SUDAN: Gender-based violence still rampant in Darfur, say aid agencies


NYALA, 5 Dec 2005 (IRIN) - Humanitarian agencies have called for increased efforts to prevent sexual and gender-based violence (GBV) in war-torn western Sudan, saying such acts against women violate their human rights.

The call was made during a meeting in Nyala, the capital of South Darfur State at the start of the 16 Days of Activism Against Gender Violence campaign, on 25 November.

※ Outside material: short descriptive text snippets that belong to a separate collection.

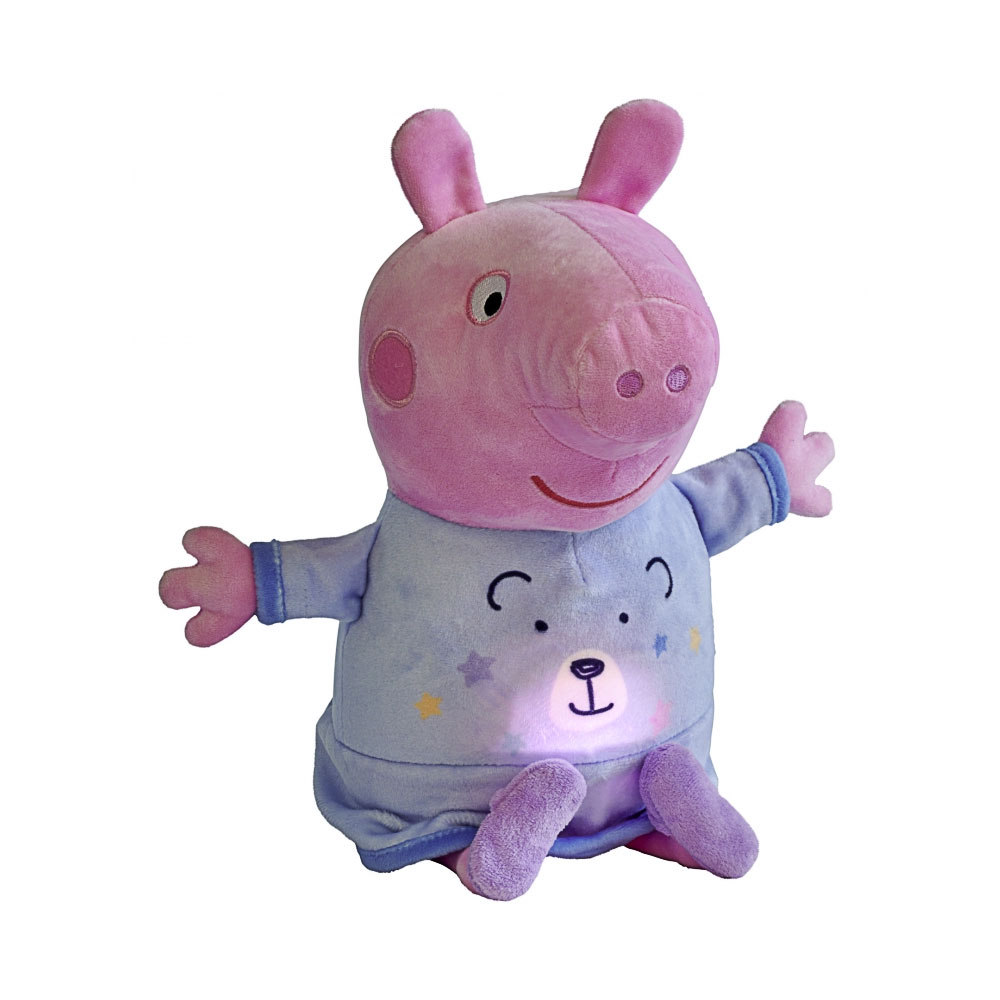 Produkt Abbildung simba_peppa_pig_gute_nacht_02.jpg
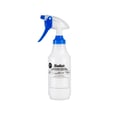 Bouteille avec vaporisateur 32 on 6 un
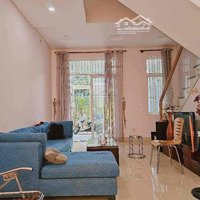 Ngay Cầu Bình Triệu - Cửa Ngõ Ra Vào Tp --Mt Đs..-90M2-3Tâng-4Pn- 10.8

The campaign links 25 November, the International Day Against Violence Against Women and 10 December, International Human Rights Day. 'Violence is not inevitable,' said Hassan Mohtashami, a UN Population Fund (UNFPA) representative in Sudan. 'Rather, it is often predictable and preventable. A number of interventions can be promising and effective in preventing violence and reducing the harm caused when it does occur.'

UNFPA has been mandated to initiate GBV prevention and treatment programmes in Darfur. It is working with federal and state officials to implement measures to protect women and girls, change harmful policies and build the capacity of UN agencies, government institutions and NGOs in the region.

'The impact of the conflict is very clear in all aspects of life. But it's more clear on women, children, and the elderly because they are most fragile,' noted Elhaj Atalmnan Idris, the deputy governor of South Darfur.

'I hope that we can learn to respect women and appreciate their role in life as the mother, the sister, the daughter, the colleague in the office,' he added.

GBV, particularly the rape of women and girls by armed groups, has been widely reported throughout Darfur. According to state records, however, only five cases of rape have been prosecuted, resulting in three convictions so far.

An important impediment to the effective prosecution of perpetrators is a mandatory form, known as Form 8, which women are required to fill out in the event of a rape before being attended to by police or medical personnel.

Aid workers said the sensitive nature of GBV makes women reluctant to fill in the form. Many of them therefore do not report the crime or receive timely medical treatment.

The deputy governor insisted, however, that this form was no longer mandatory. According to Decree 17, which the governor signed on 6 March, women in South Darfur should have access to medical attention without having to fill out the form.

'We believe firmly that the humanitarian situation has witnessed a remarkable improvement. But we are still looking for more opportunities, more improvements,' Idris stated.

Mohtashami said actions that could prevent GBV included educational programmes in schools, educating families and peer groups to prevent child abuse and youth violence, improving emergency response systems and providing trauma care and access to health services.

'Violence continues to terrorise millions of women and girls regardless of geography, race or socioeconomic status,' Mohtashami noted.

Globally, the UNFPA representative added, one in every three women suffers some form of violence in her lifetime and one in four will suffer violence by an intimate partner.

An earlier report released by UNFPA and the UN Children's Fund said a study had shown that sexual violence was consistently reported during attacks on villages - especially when women and girls left the camps.

'Although the women ... were asked no direct questions with regard to sexual and GBV, the issue came up in most focus groups when discussing the health impacts of the conflict,' observed Roselidah Ondeko, GBV team leader for UNFPA, at the time.

'Unmarried girls were the most affected, and some did not seek health care in clinics due to stigma and shame,' the report said. Women in the focus groups cited 'physical injuries due to beatings, rape, miscarriages, excessive bleeding or injuries sustained during flight from the enemies' as some of the health problems they had suffered.

Sexually transmitted diseases, malnutrition, irregular menstrual cycles and psychological disturbances such as nightmares were also frequently mentioned by the women.

The Darfur conflict pits Sudanese government troops and allied militias like the Janjawid against two main rebel groups, the Sudanese Liberation Army/ Movement and the Justice and Equality Movement, who claim to be fighting against the marginalisation of their region by Khartoum.

According to the UN, some 3.4 million people continue to be affected by the conflict, of whom 1.8 million are internally displaced and 200,000 have fled to neighbouring Chad. The majority of those affected are women and children.